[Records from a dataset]
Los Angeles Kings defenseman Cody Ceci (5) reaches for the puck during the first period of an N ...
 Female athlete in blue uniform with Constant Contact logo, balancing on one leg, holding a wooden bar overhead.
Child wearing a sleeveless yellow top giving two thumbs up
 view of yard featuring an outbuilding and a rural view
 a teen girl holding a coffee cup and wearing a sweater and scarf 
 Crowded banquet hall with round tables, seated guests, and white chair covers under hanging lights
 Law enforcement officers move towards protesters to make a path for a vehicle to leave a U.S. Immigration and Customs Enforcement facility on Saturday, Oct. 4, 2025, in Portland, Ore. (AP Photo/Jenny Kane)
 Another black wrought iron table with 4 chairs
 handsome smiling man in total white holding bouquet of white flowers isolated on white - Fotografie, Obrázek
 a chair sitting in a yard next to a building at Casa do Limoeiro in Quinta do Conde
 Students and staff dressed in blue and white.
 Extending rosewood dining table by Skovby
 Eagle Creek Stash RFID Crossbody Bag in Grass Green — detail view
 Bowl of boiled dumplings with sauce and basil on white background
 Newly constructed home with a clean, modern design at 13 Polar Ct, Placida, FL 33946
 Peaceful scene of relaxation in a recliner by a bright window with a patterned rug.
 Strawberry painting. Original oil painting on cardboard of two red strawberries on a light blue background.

PROBLEM DETAILS: Nothing may be omitted; retype every record exactly.

FINISHED EXERCISE:
Los Angeles Kings defenseman Cody Ceci (5) reaches for the puck during the first period of an N ...
 Female athlete in blue uniform with Constant Contact logo, balancing on one leg, holding a wooden bar overhead.
Child wearing a sleeveless yellow top giving two thumbs up
 view of yard featuring an outbuilding and a rural view
 a teen girl holding a coffee cup and wearing a sweater and scarf 
 Crowded banquet hall with round tables, seated guests, and white chair covers under hanging lights
 Law enforcement officers move towards protesters to make a path for a vehicle to leave a U.S. Immigration and Customs Enforcement facility on Saturday, Oct. 4, 2025, in Portland, Ore. (AP Photo/Jenny Kane)
 Another black wrought iron table with 4 chairs
 handsome smiling man in total white holding bouquet of white flowers isolated on white - Fotografie, Obrázek
 a chair sitting in a yard next to a building at Casa do Limoeiro in Quinta do Conde
 Students and staff dressed in blue and white.
 Extending rosewood dining table by Skovby
 Eagle Creek Stash RFID Crossbody Bag in Grass Green — detail view
 Bowl of boiled dumplings with sauce and basil on white background
 Newly constructed home with a clean, modern design at 13 Polar Ct, Placida, FL 33946
 Peaceful scene of relaxation in a recliner by a bright window with a patterned rug.
 Strawberry painting. Original oil painting on cardboard of two red strawberries on a light blue background.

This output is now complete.